The Amazon Synod is revealing the chaos in the Roman Catholic church and how closely it resembles the Episcopal Church and the Anglican Communion.

4 COMMENTS

  1. Kevin needs to be careful with judging actions over words. This can lead to the implication that people should become good first before thinking about going to church.

  2. The beauty of liturgical prayer is it is so much more comprehensible and richer than I can come up with on my own. Others will say praying extemporaneously is most genuine although when it gets to blessing Shep the dog I drift off. How many of us would remember to pray for the whole state of Christ’s Church on our own without it being set before us in the Prayerbook? Look how many people and how many times this prayer has been uttered. Power of prayer? How is God answering this prayer and what is his will in this matter which causes us so many fits and which we obviously can’t remedy on our own? Maybe he is draining the swamp. Scary.

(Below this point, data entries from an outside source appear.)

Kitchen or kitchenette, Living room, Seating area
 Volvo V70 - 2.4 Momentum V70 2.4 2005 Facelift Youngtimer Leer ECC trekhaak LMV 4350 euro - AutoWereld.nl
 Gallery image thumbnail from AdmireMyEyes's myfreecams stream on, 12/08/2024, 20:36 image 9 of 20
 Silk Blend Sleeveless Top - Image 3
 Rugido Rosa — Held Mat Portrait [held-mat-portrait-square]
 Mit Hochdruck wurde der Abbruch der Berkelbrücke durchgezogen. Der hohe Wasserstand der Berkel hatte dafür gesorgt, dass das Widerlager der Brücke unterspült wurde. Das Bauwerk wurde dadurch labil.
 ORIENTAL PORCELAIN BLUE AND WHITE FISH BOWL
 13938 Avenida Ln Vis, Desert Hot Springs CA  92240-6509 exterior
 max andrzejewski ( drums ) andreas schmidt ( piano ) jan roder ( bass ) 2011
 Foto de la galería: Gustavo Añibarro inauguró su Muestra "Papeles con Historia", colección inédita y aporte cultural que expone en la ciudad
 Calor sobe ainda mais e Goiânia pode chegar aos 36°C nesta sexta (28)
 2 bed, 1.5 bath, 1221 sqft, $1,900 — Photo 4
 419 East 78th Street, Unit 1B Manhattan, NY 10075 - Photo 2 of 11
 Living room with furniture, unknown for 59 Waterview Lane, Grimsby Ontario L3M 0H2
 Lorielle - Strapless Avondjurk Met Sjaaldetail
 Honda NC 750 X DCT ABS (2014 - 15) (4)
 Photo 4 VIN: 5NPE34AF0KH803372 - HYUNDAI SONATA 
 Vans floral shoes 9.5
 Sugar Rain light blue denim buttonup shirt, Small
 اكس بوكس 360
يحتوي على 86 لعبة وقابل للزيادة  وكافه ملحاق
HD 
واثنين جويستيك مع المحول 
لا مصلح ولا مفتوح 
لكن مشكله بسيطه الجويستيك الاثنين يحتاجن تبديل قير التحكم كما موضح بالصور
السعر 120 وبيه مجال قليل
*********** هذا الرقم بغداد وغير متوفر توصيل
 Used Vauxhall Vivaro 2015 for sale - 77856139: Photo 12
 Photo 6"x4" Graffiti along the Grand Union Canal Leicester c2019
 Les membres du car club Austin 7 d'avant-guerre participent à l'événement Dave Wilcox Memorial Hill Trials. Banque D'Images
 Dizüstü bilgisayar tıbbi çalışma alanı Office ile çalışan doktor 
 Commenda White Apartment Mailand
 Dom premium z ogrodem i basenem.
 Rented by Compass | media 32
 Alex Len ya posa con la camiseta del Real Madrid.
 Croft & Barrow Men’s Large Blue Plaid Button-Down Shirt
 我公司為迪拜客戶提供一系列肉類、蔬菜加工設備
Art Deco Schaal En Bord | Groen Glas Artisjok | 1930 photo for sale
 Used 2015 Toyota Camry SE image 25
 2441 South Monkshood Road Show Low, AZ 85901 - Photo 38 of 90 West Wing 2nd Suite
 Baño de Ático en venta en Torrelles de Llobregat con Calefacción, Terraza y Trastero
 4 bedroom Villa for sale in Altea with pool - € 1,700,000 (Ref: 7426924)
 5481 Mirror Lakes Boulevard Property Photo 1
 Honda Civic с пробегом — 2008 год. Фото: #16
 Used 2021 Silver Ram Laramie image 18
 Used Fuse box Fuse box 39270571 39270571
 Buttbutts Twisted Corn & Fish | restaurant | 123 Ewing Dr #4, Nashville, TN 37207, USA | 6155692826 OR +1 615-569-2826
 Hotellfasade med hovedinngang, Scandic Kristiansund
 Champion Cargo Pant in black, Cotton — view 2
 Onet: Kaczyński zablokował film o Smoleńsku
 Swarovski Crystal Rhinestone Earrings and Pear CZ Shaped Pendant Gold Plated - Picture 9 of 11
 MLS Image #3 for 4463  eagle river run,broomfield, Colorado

  3. Liturgical prayer is biblical in my view. The disciples said: “Lord, teach us to pray” and Jesus said: “When you pray say….”. When I pray using the words of prayers in the Bible or the church’s prayer book, I often find myself praying things that I would not have thought of, and perhaps do not even fully understand. Liturgical prayer is an important educational tool. When I pray the creeds, I do not know exactly what some parts of them mean. Nevertheless they express what I am committed in faith to believe. By praying them I offer myself as a spiritual apprentice, as it were, to God through the church. One can pray “Lord here is my prayer, please help me understand it more fully”. Conversely, biblical prayer tends to become liturgical.
    The danger of liturgical prayer becoming an empty form of words in the mouths of unbelieving churchgoers is obvious. But the remedy is not to eradicate liturgical prayer, which in some form is essential for spiritual growth and maturity. And I have no doubt God loves to hear believers pray these beautiful prayers. He knows, of course, that we do not yet fully understand them – even if we think we do.